What is rPref?
rPref is a package for the statistical computing language R for Skyline computation and some slight generalizations of it ("database preferences").
The Skyline calculation in rPref is done very efficiently as all performance critical algorithms are written in C++.
rPref is available on CRAN, hence it can be downloaded and installed by:
# Load package
2016-09-01: rPref v1.1 is on CRAN now. The changes include:
- Plotting BTG graphs via plot_btg uses the Rgraphviz package if available.
- Lazy evaluation is supported, i.e., low_("mpg") as an alternative to low(mpg) via the lazyeval package.
- Preference objects can have associated data sets, e.g., high(mpg, df = mtcars) * high(hp) creates a preference associated with mtcars.
- Many changes in the implementation. rPref uses now the light-weight R6 classes for preference objects. The C++ algorithms use shared pointers from C++11.
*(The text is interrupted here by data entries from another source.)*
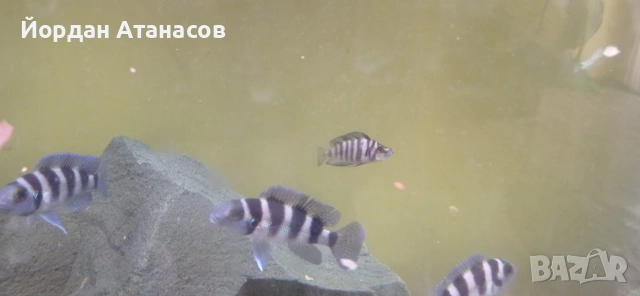 Neolamprologus tretocephalus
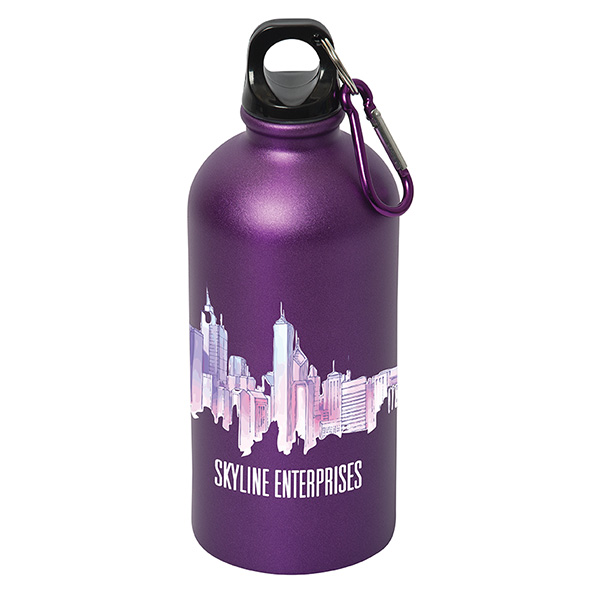 Shynebry 500 ml (17 fl oz) Stainless Steel Bottle, D1-WB9833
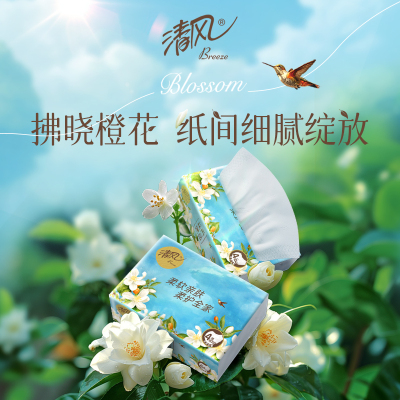 【直播链接】清风丝柔花萃抽纸4层80抽24包家用纸巾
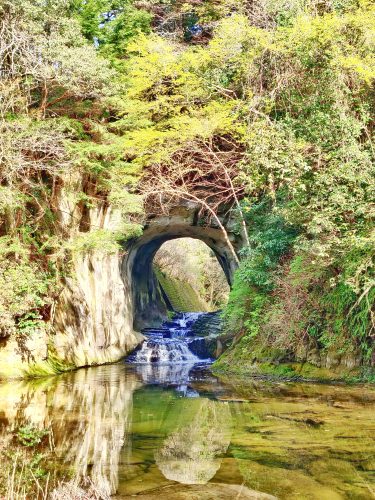 【4月限定】春の南房総絶景スポット巡り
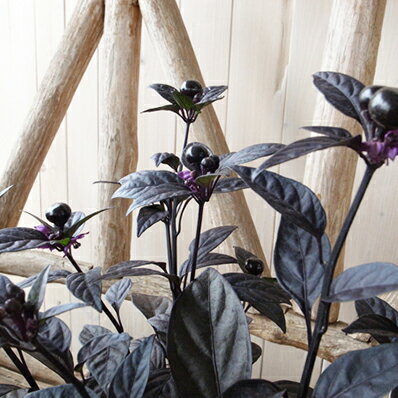 唐辛子 トウガラシ ブラックパール 3.5号苗 多年草 葉っぱも果実も黒に近い紫色の美しい植物 楽天
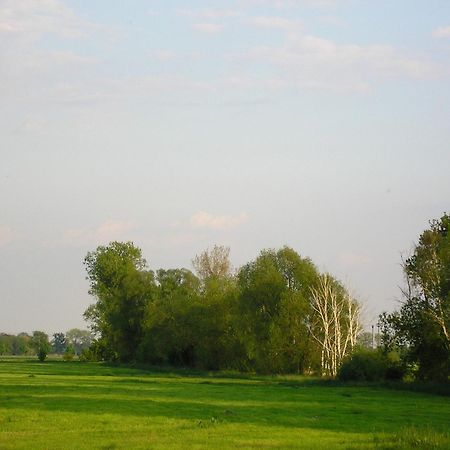 Parkhotel Schönewalde Kültér fotó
2016-01-19: With pypref 0.0.1 there exists a first Python port of rPref. The preference algorithms are written in Cython.
What is a Skyline?
The Skyline of a data set selects tuples which are Pareto-optimal with respect to given optimization goals. Only those tuples are returned which are not dominated by any other tuple. A tuple dominates another tuple if it is better in all relevant dimensions and strictly better in at least one dimension.
Hence, the computation of the Skyline is a powerful tool for prefiltering large data sets under given optimization goals. A typical example from economics is the search for products with low price and high quality. In this case one typically assumes that products which are worse in both dimensions (price and quality) are not interesting. Thus, a Pareto query optimizing for low price and high quality only returns the potentially interesting products. See examples or the linked papers to get a better understanding of Skylines and database preferences.